> **WHAT IS NEEDED**: Give again, exactly as written, the lines of the records below from the line with "Crossword Solver (accidentally" to the line with "Hbcu Schools Matter". Both end lines count; pictures do not.

> **DATA SHOWN**:
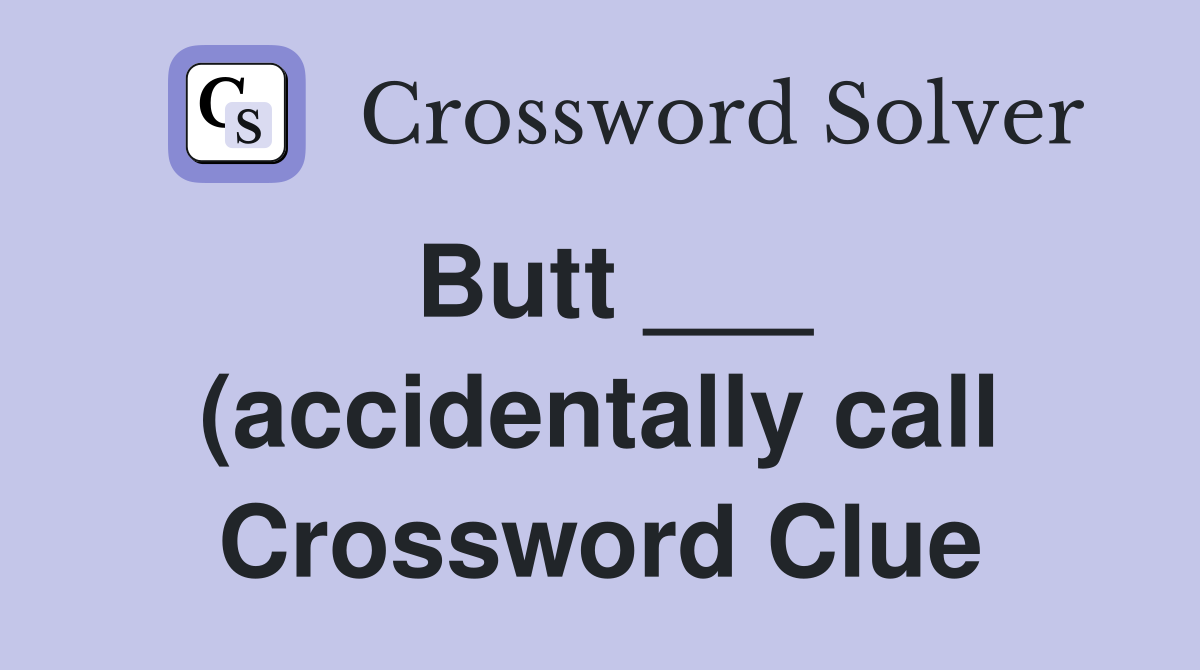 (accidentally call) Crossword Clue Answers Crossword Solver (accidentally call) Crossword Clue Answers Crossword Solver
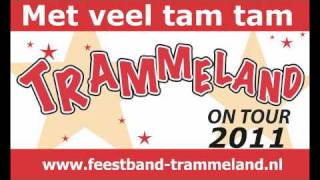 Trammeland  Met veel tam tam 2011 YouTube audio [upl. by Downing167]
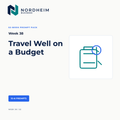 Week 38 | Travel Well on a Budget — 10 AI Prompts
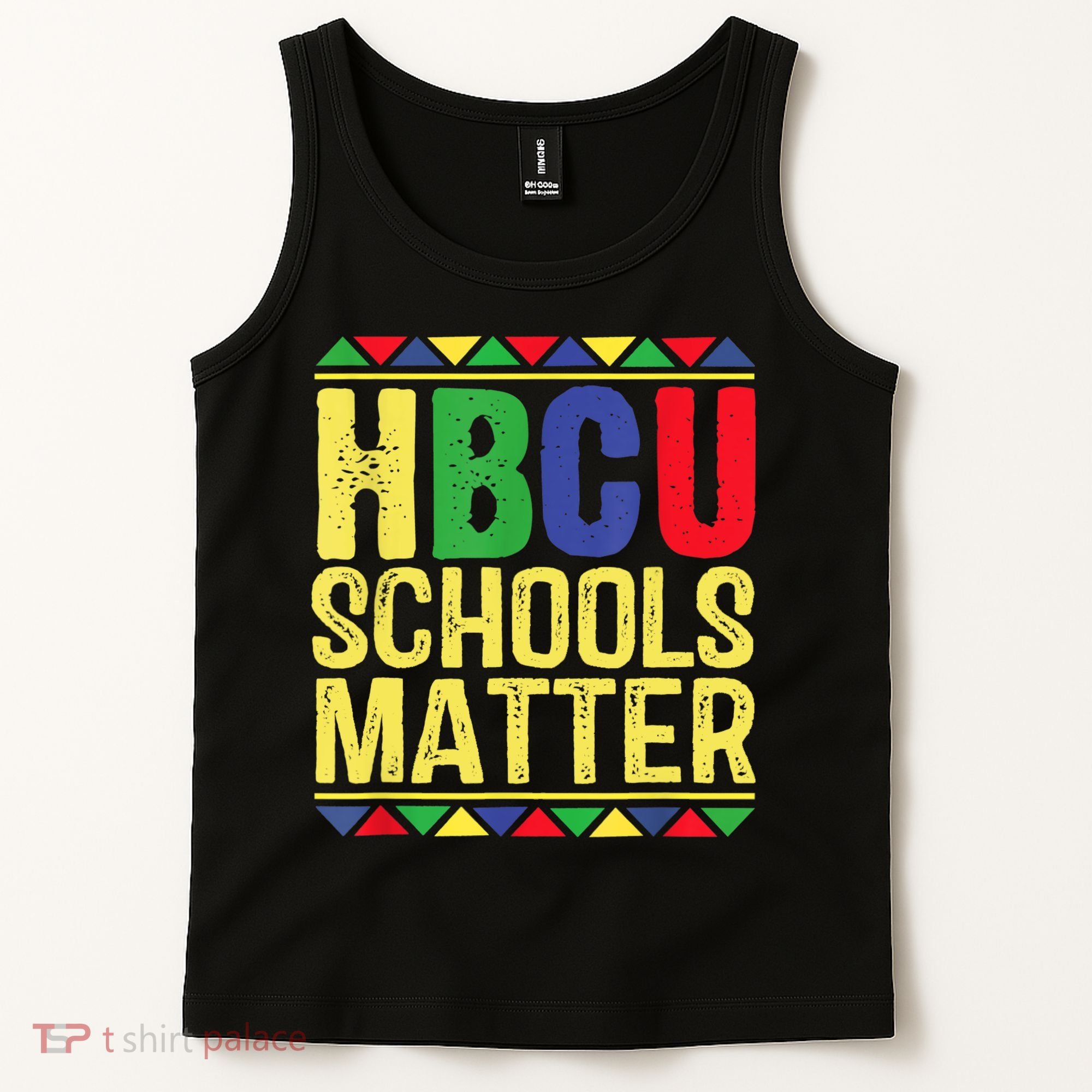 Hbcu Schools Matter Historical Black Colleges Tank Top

---

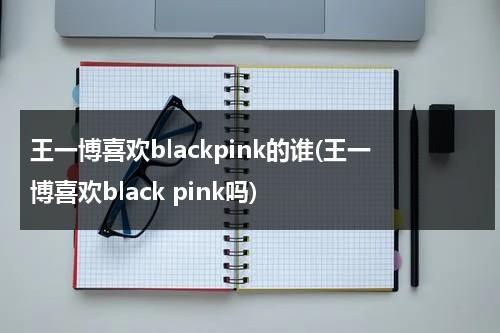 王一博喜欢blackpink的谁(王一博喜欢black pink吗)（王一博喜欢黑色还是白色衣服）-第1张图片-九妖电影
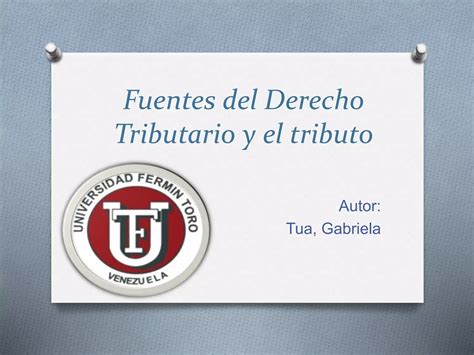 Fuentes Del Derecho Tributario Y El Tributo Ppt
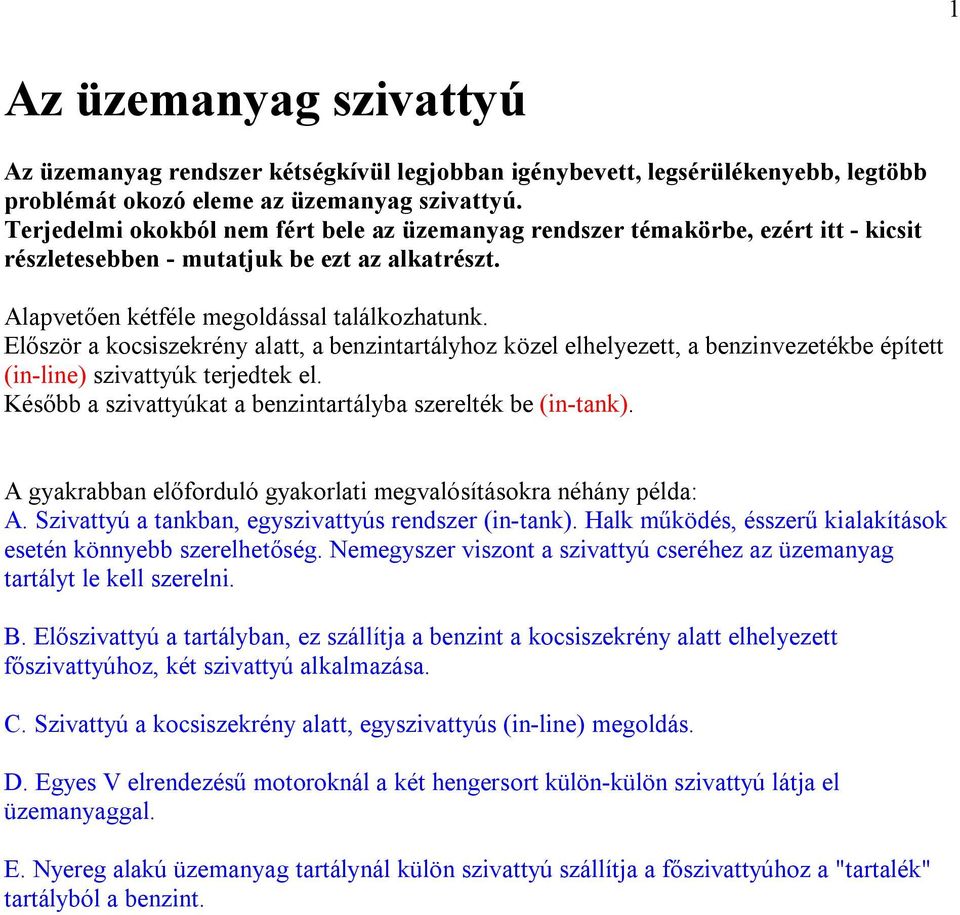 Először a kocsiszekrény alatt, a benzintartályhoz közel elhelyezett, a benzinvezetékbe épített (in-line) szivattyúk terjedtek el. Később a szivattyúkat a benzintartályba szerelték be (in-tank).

> **EXERCISE RESPONSE**:
 (accidentally call) Crossword Clue Answers Crossword Solver (accidentally call) Crossword Clue Answers Crossword Solver
 Trammeland  Met veel tam tam 2011 YouTube audio [upl. by Downing167]
 Week 38 | Travel Well on a Budget — 10 AI Prompts
 Hbcu Schools Matter Historical Black Colleges Tank Top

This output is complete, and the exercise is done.